[Image-text web data]
···

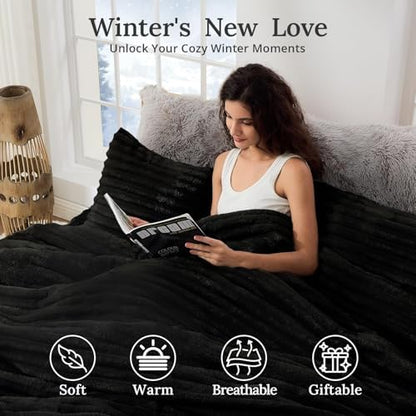 Sasttie Fluffy Twin/Twin XL Comforter Set, 2 PC Soft Fleece Bedding, Black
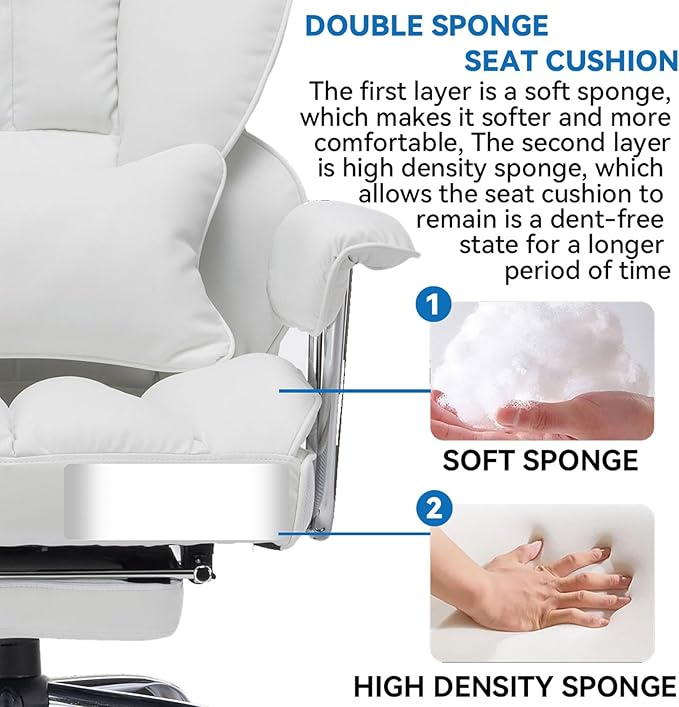 Efomao Big and Tall Office Chair 400lbs, Executive PU Leather Desk Chair with Footrest & Lumbar Support, Heavy Duty Computer Seating for Home, White | 400lbs support, 135° recline, dual-layer foam cushion, 23.5" seat & footrest. BIFMA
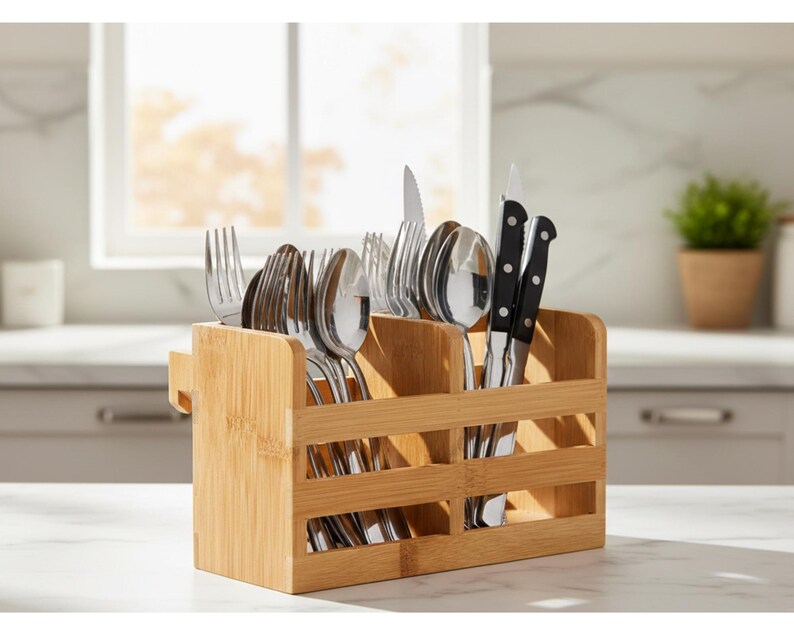 Puede incluir: Un organizador de cubiertos de bamb&uacute; lleno de tenedores, cucharas y cuchillos de acero inoxidable. El organizador tiene m&uacute;ltiples compartimentos y un asa lateral. Los cuchillos tienen mangos negros. El organizador est&aacute; sobre una encimera blanca.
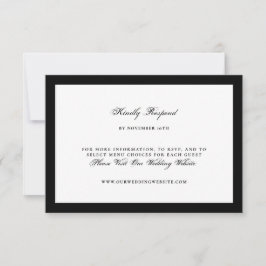 Schwarze und Weiße formelle Hochzeitswebsite RSVP Karte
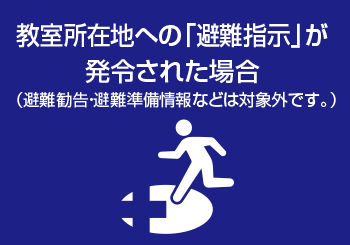 教室所在地への「避難指示」が発令された場合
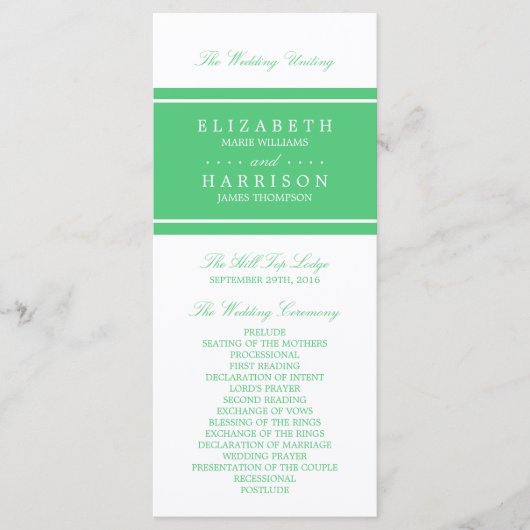 Emerald Green Modern Wedding Program Programm (Vorderseite)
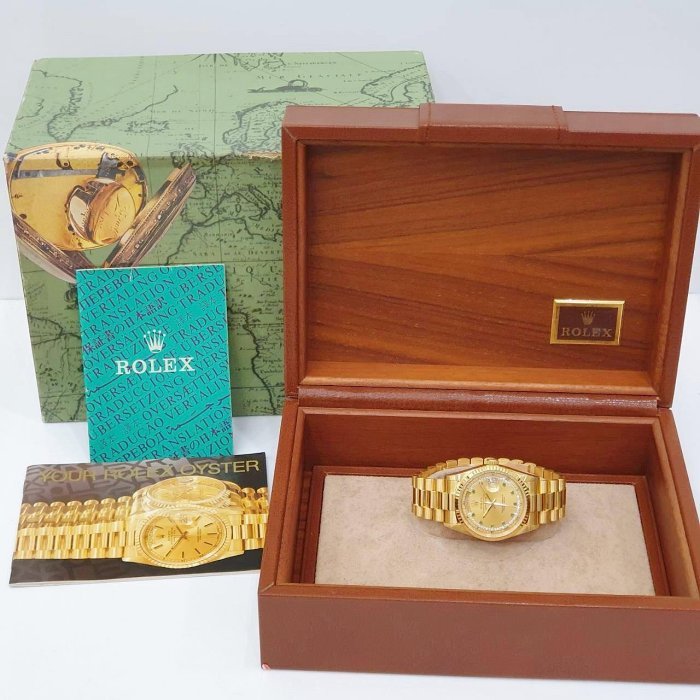 【大眾名錶】ROLEX 勞力士 18238 Day-Date 蠔式18K金 綠寶多層鑽面盤 原面未翻寫 錶徑36mm G130-9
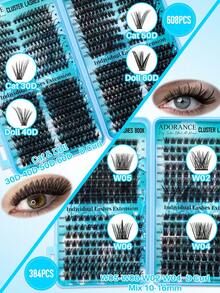 2208PCS Lash Clusters D Curl 15 Styles Mixed 10-16mm/14-20mm Mega Volume Cat&Doll Lashes Wispy Lashes Individual Eyelashes Kit With BOND&SEAL Lash Remover Tweezers And Brush, Perfect For Beginners & Proficient, DlY At Home Easily, Easy Apply For Makeup Daily - màu đen - Xem 4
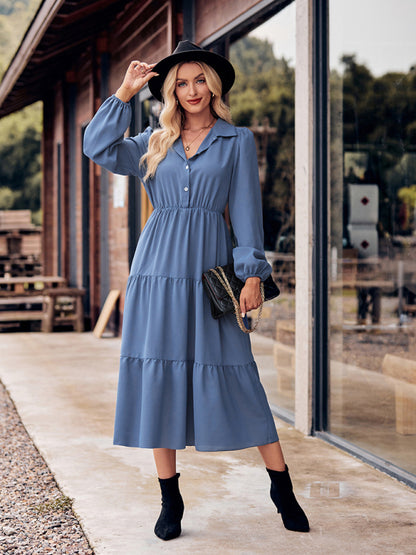 Tiered Gathered Waist Button Long Sleeve Dress Tiered Dresses - Chuzko Women Clothing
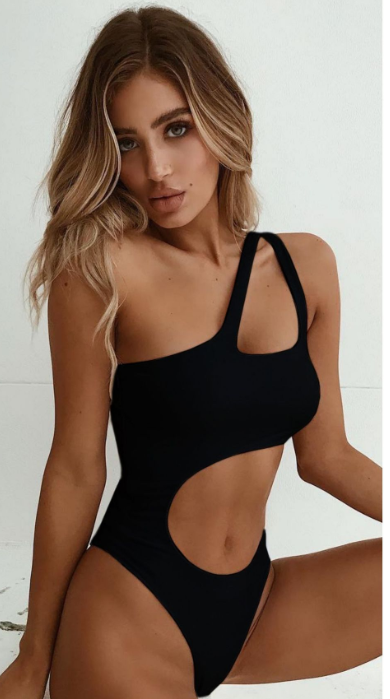 New Women's One-piece Swimsuit Solid Sexy Gathers Irregular Bikini Angelwarriorfitness.com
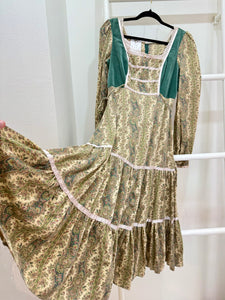 1970s Gunne Sax Green Paisley & Velvet Midi Dress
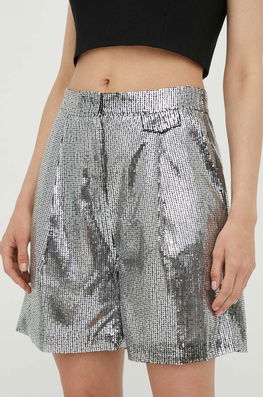 2NDDAY Pantaloni Scurti Femei, Culoarea Argintiu, Cu Imprimeu, High Waist Dama, Panza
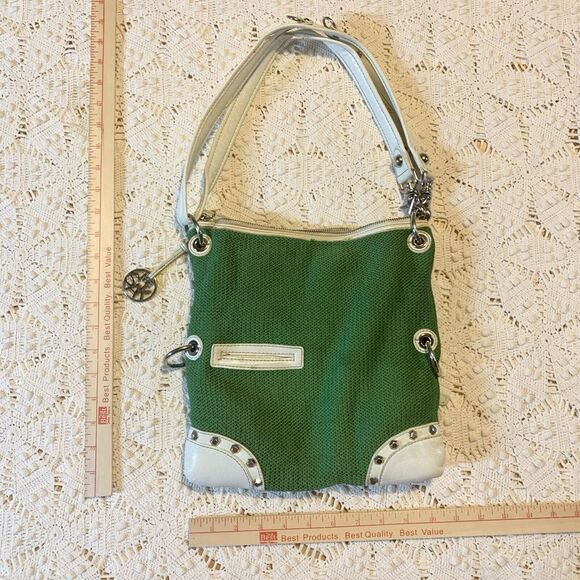 The Sak - Fossil - Bright Kelly Green Shoulder Bag Hot Pink Lining Y2K Studded - Picture 10 of 10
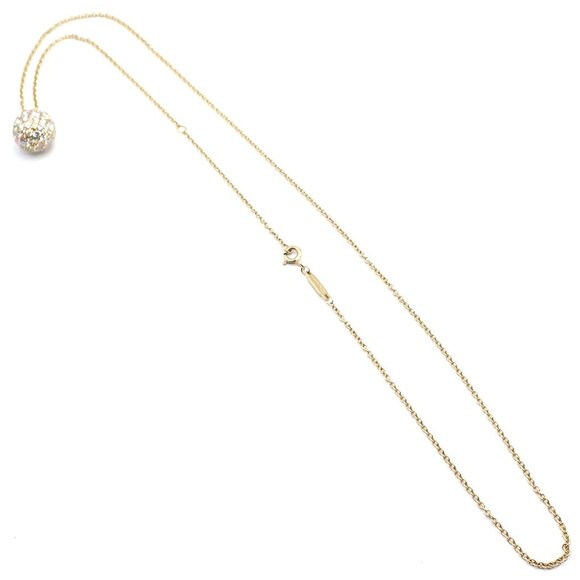 Authentic! Tiffany & Co 18k Yellow Gold Hardware Diamond Ball Pendant Necklace - Picture 14 of 14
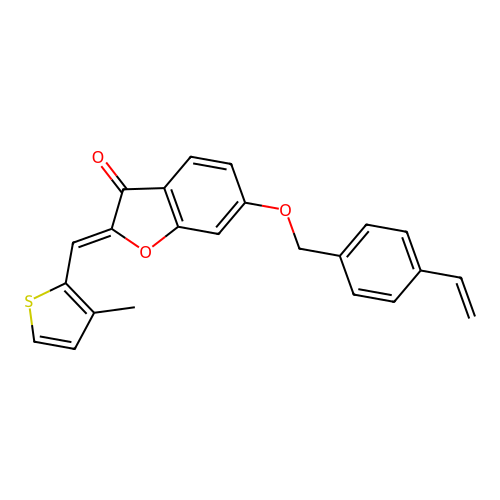 (Z)-2-((3-methylthiophen-2-yl)methylene)-6-((4-vinylbenzyl)oxy)benzofuran-3(2H)-one structure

···

• [Task]:
With the pictures left out, write out exactly the lines above from the one containing "教室所在地への「避難指示」が発令された場合" through the one containing "2NDDAY Pantaloni Scurti".

• [Response box]:
 教室所在地への「避難指示」が発令された場合
 Emerald Green Modern Wedding Program Programm (Vorderseite)
 【大眾名錶】ROLEX 勞力士 18238 Day-Date 蠔式18K金 綠寶多層鑽面盤 原面未翻寫 錶徑36mm G130-9
 2208PCS Lash Clusters D Curl 15 Styles Mixed 10-16mm/14-20mm Mega Volume Cat&Doll Lashes Wispy Lashes Individual Eyelashes Kit With BOND&SEAL Lash Remover Tweezers And Brush, Perfect For Beginners & Proficient, DlY At Home Easily, Easy Apply For Makeup Daily - màu đen - Xem 4
 Tiered Gathered Waist Button Long Sleeve Dress Tiered Dresses - Chuzko Women Clothing
 New Women's One-piece Swimsuit Solid Sexy Gathers Irregular Bikini Angelwarriorfitness.com
 1970s Gunne Sax Green Paisley & Velvet Midi Dress
 2NDDAY Pantaloni Scurti Femei, Culoarea Argintiu, Cu Imprimeu, High Waist Dama, Panza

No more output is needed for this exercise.